Route du rock: «On est incorruptibles»

François Floret, revient sur les 25 premières années du festival qu'il a créé à Saint-Malo.
(Photo Nicolas Joubard.)
publié le 14 août 2015 à 12h45

La Route du rock a 25 ans et c’est une belle route, pas rectiligne, parfois cabossé, mais avec un paysage à nul autre pareil. Alors que le festival malouin de rock indé débute ce vendredi et jusqu’à dimanche, on a passé à la question «pourquoi» son directeur, François Floret.

Pourquoi avoir créé un festival plutôt qu’un label, et pourquoi continuer contre vents à marées à vouloir le faire vivre ou survivre?

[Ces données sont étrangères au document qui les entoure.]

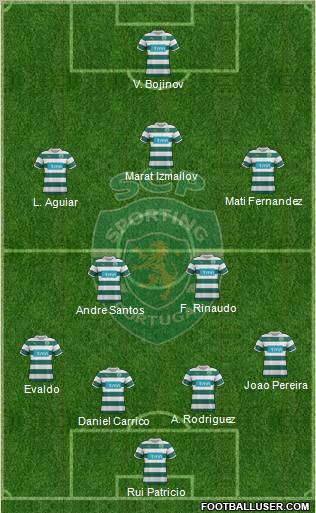 Sporting Clube de Portugal - SAD Formation 2011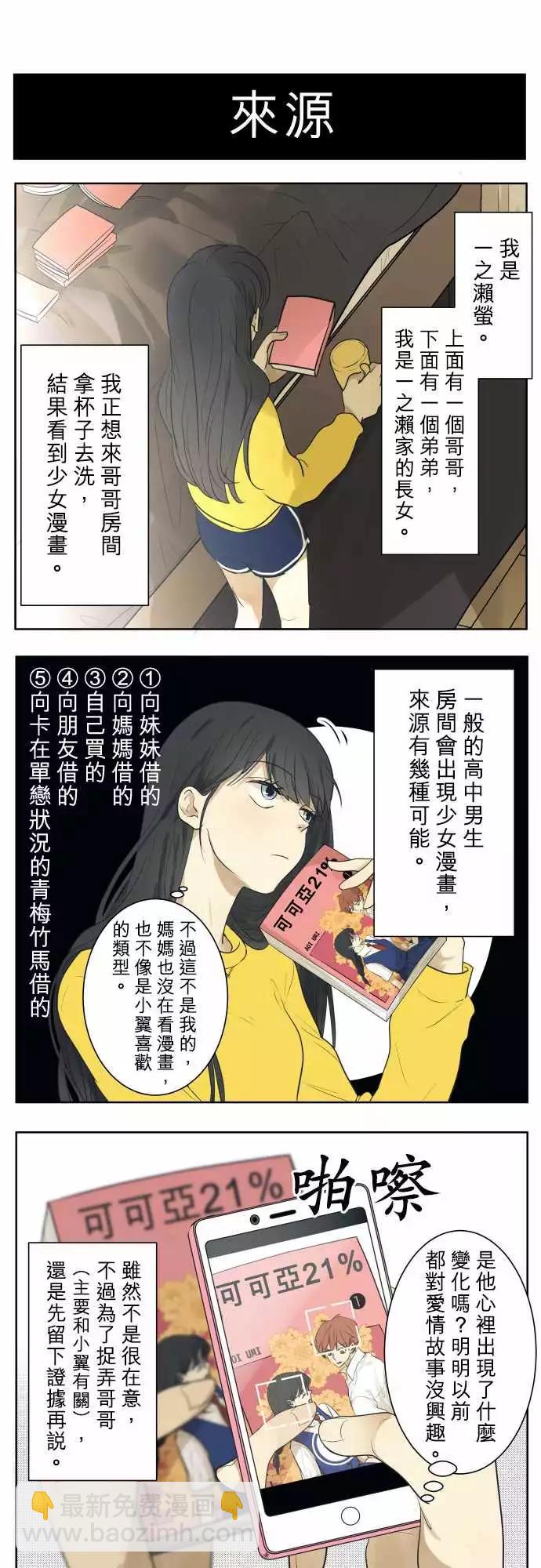 《可可亚79%》番外篇 我们是高中女生 第5页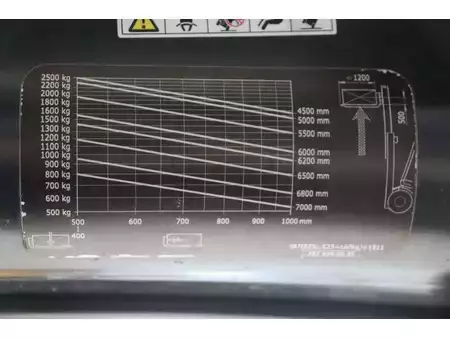Elektrisk- 4 hjul 2012  Linde E25L-01 (30)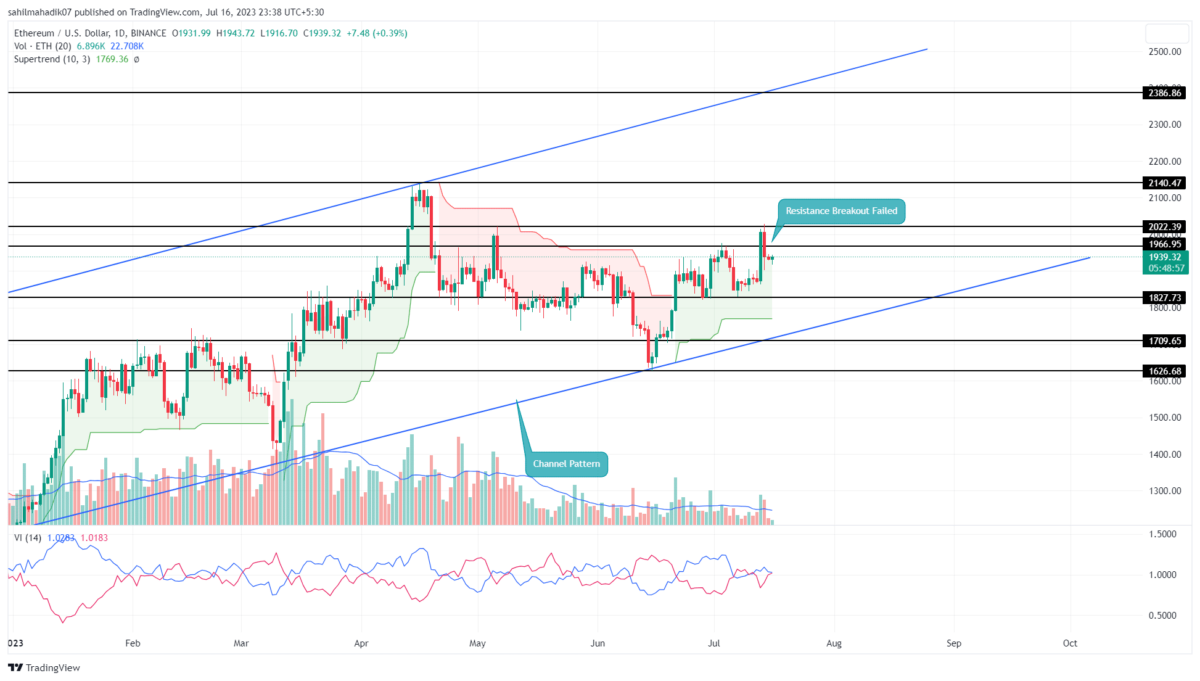 Ethereum Price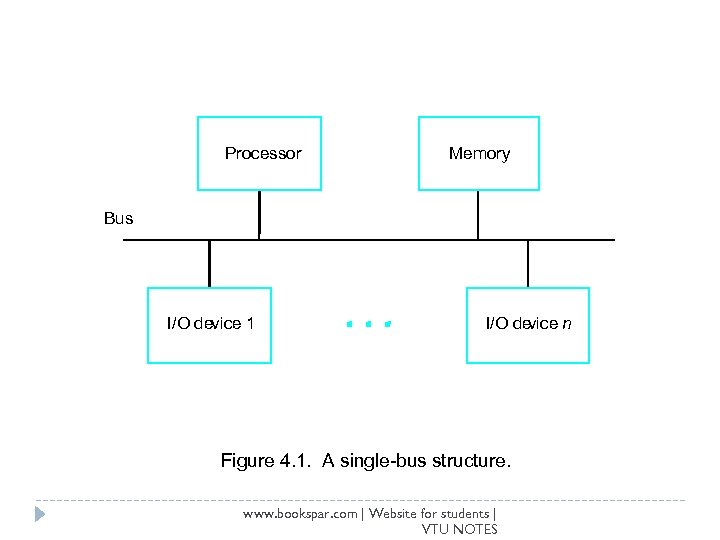 Processor Memory Bus I/O device 1 I/O de vice n Figure 4. 1. A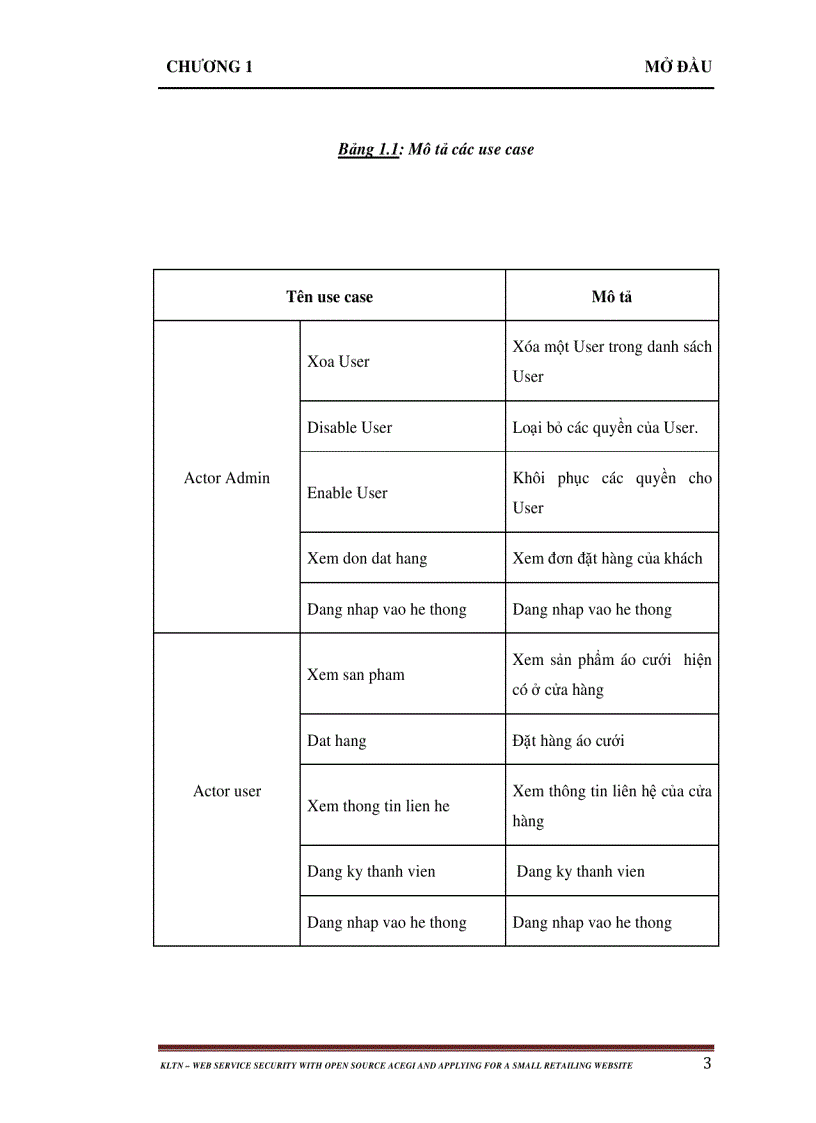 image for page Bảo mật Web với mã nguồn mở ACEGI và ứng dụng làm một trang web bán lẻ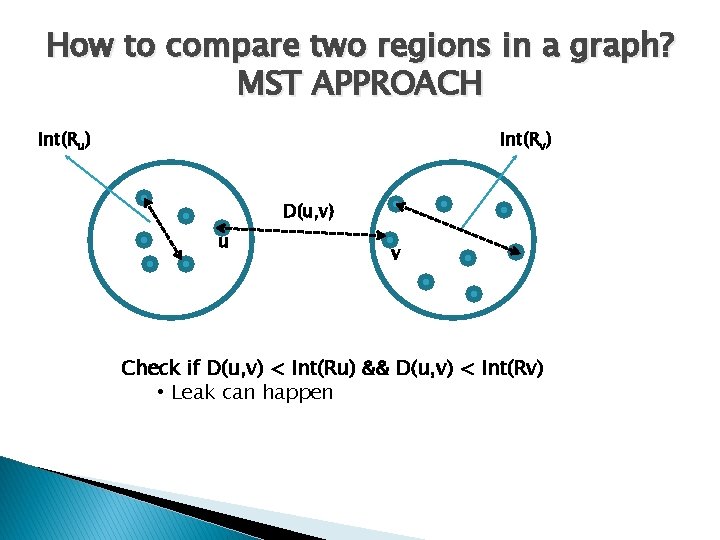 How to compare two regions in a graph? MST APPROACH Int(Ru) Int(Rv) D(u, v)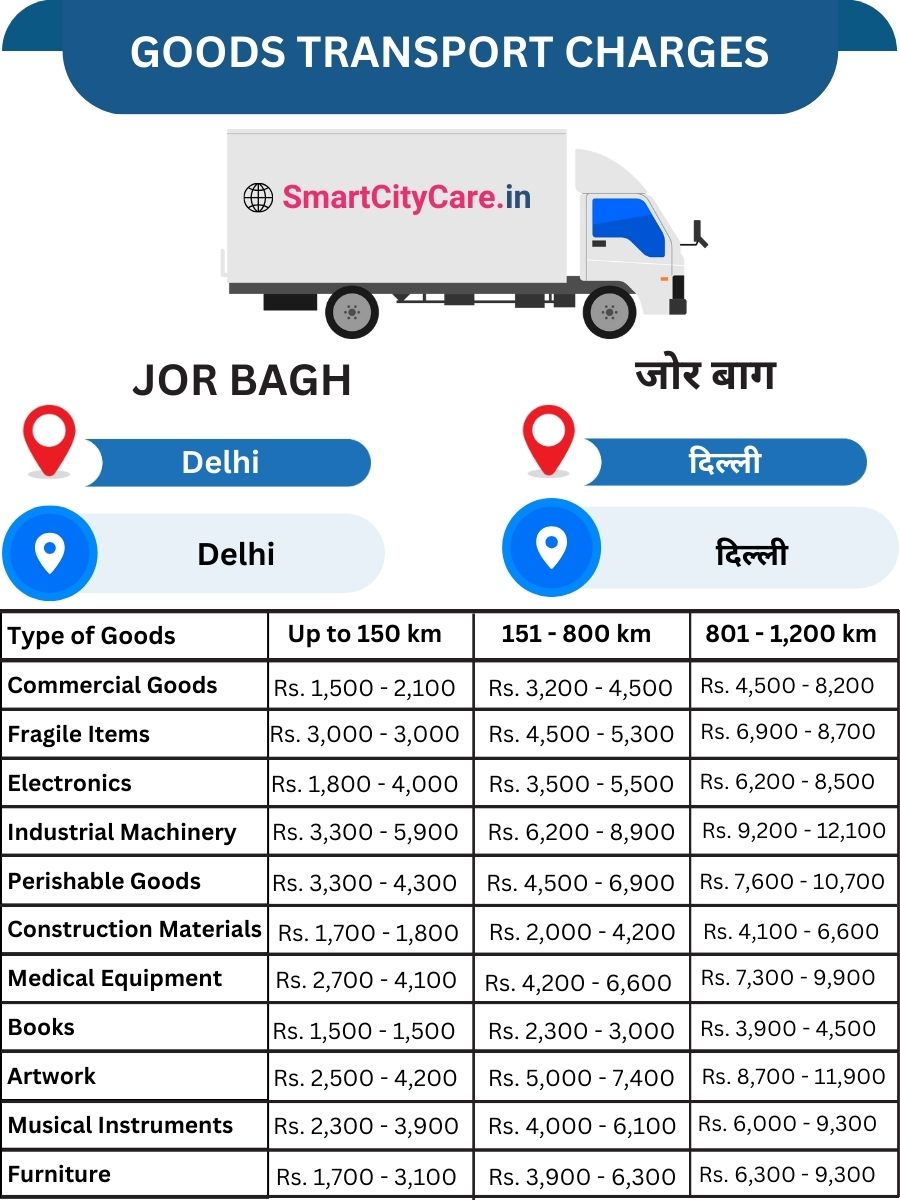Goods Transport Charges in Jor Bagh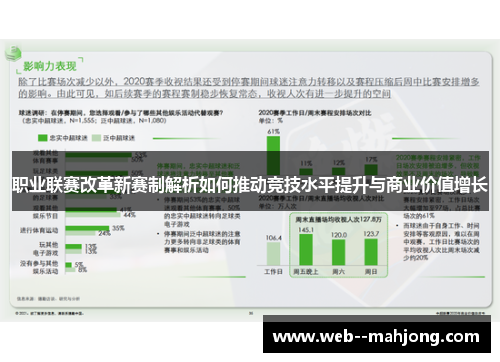 职业联赛改革新赛制解析如何推动竞技水平提升与商业价值增长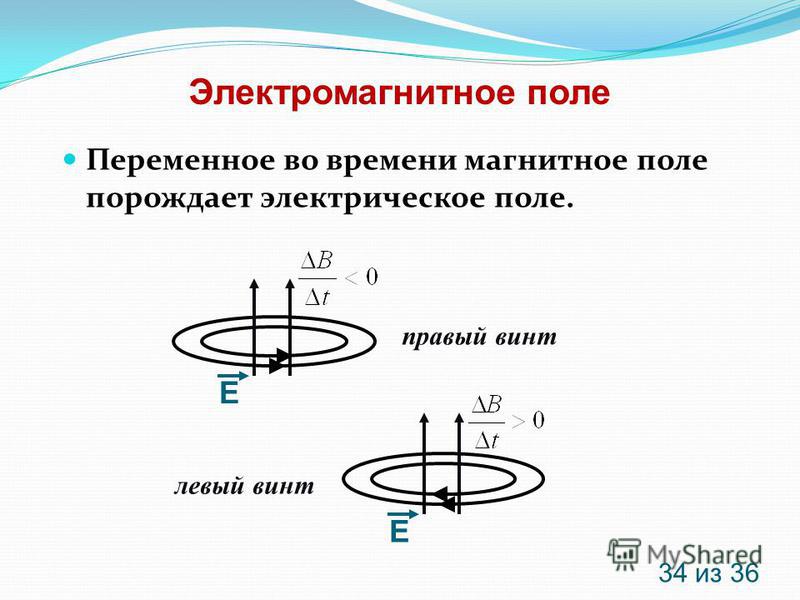 Магнитное поле 9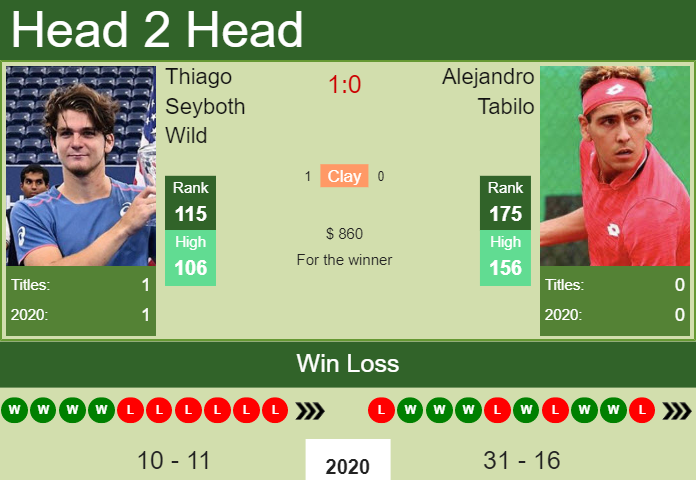 Prediction And Head To Head Thiago Seyboth Wild Vs. Alejandro Tabilo Ydr55pmk8c Prediction and head to head Thiago Seyboth Wild vs. Alejandro Tabilo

Quand on a commencé à Rennes à proposer de la musique dans les années 80, on était dans l’idée de faire des concerts, de verser dans le live. Le cheminement logique, c’était donc de pousser les feux et de monter un festival, qui n’est rien d’autre qu’un regroupement de concerts. A l’époque, il n’y avait pas tous les problèmes qu’ont les labels, on aurait pu s’y coller, on aurait pu apprendre, évidemment, mais cela m’excitait beaucoup moins que l’idée d’un festival, qui est une mise en péril, en abîme, une alchimie à nul autre pareil. On continue le festival, car on a cette passion qui nous anime; on se persuade qu’on n’est pas submergé par les difficultés; on retient plus les moments magiques que les galères, les difficultés. Il y a toujours un truc supplémentaire dans la colonne des plus que dans celle des moins, car il y a l’adhésion d’un public qui nous soutient mordicus, et ça, ça booste, ça enivre, ça porte. Alors qu’on marche sur le fil du rasoir, en équilibriste: c’est aujourd’hui plus compliqué avec les baisses d’aides des collectivités (en raison de la chute des dotations de l’Etat), le durcissement des contraintes administratives et l’inflation des cachets. Même si cette dernière dose n’est pas nouvelle, on tente de l’intégrer, de la digérer. Et de surmonter ces vagues contraires.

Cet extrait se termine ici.